Archive for the ‘The Vegetarian Dragon’ Category

There’s an interesting article in The New York Times today about e-readers and children. As you may have heard, the American Academy of Pediatrics recently advised doctors to remind parents at every visit  that they should read to their children from birth. Additionally, they recommend limited screen time for children; no screen time for children under two and less than two hours a day for older children. That’s pretty powerful stuff.ereading

So the question unfolds: is using an e-reader as powerful as the printed page, and unfortunately, the study results are inconclusive. The studies suggest that the interaction between parent and child, the discussion about what is being read, is quite important for the development of language and researchers further suggest that using e-readers that read to the child (in lieu of a parent) do not generate that discussion and, thus, slow the development of language.

The article points to a 2013 study of children ages 3 to 5 which indicates that children whose parents read to them from a traditional book had better reading comprehension than those whose parents read from an e-book.
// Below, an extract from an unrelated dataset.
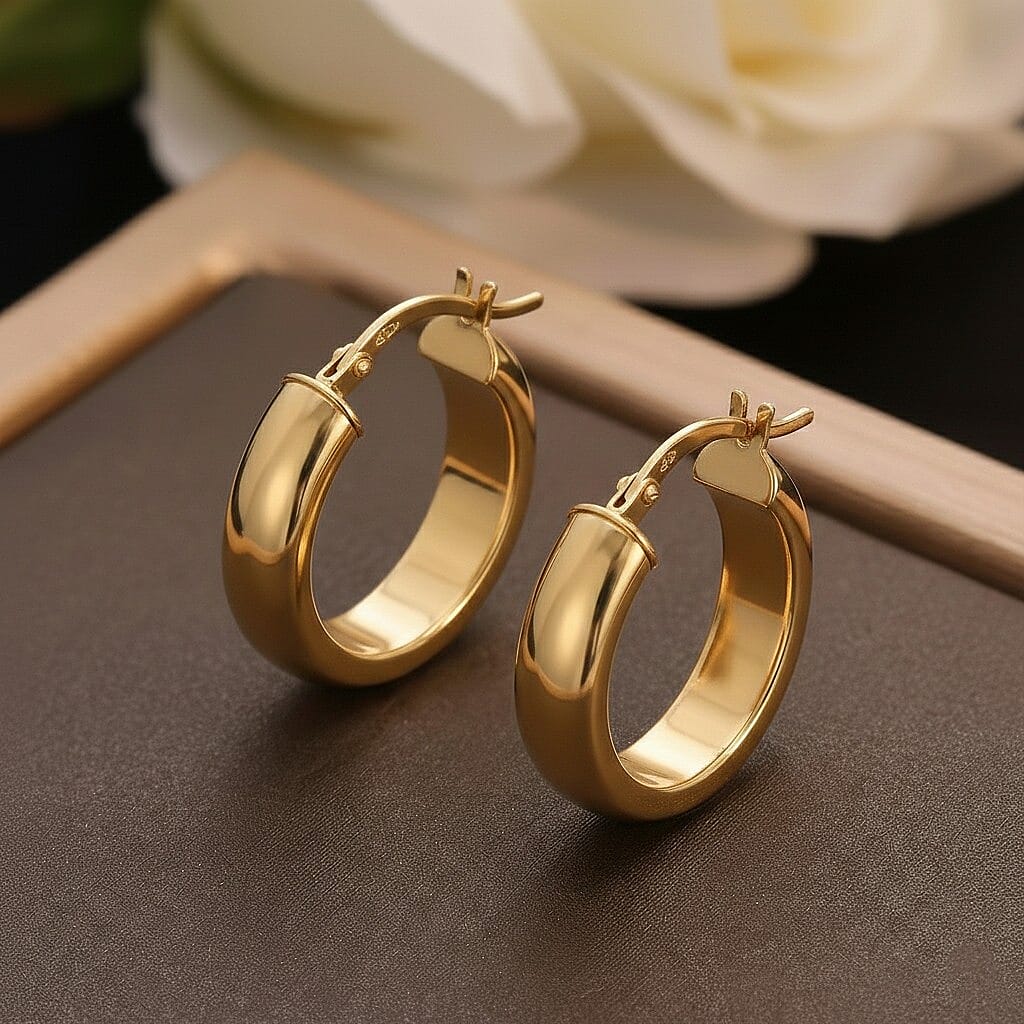 9K Yellow Gold 20MM X 22MM Supreme Finish Oval Creole Earrings 1.7 Gms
The reason being that more time was spent focusing on the e-reading device than on the story. This result was borne out by two other studies.

Another factor is that e-books contain more than books. There are links to games. There are other sound effects. These diversions limit the conversation and dialogue between parent and child, which is a main, but not the sole, point of reading.
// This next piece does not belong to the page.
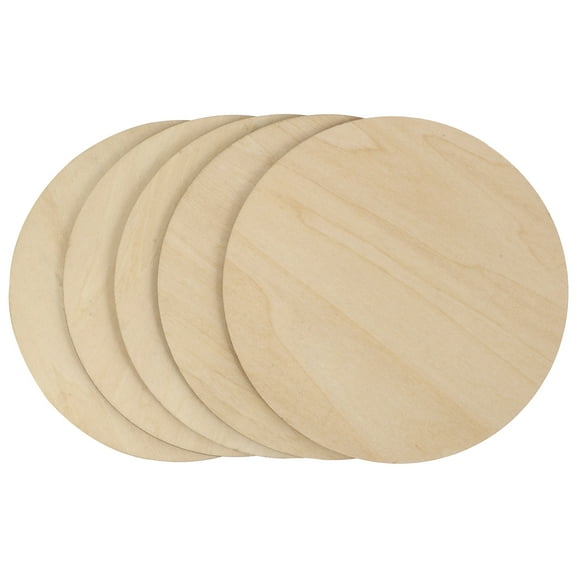 Onaparter 5 Pcs Round Wood Chips DIY Painting Slices Rounds for Crafts Unfinished Circles Wooden Boards （As Shown）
My unscientific opinion? I’m not an e-reading fan. I love the tactile nature of books and especially some children’s book. Pat the Bunny on an e-reader is missing something. Children’s books come in all sizes and shapes which don’t fit into the e-reader format. And imagine trying to turn the e-reader upside down to read the upside down writing on the page. Imagine reading Peter Sis’ Madelenka on an e-reader where the Herbwriting is in circles.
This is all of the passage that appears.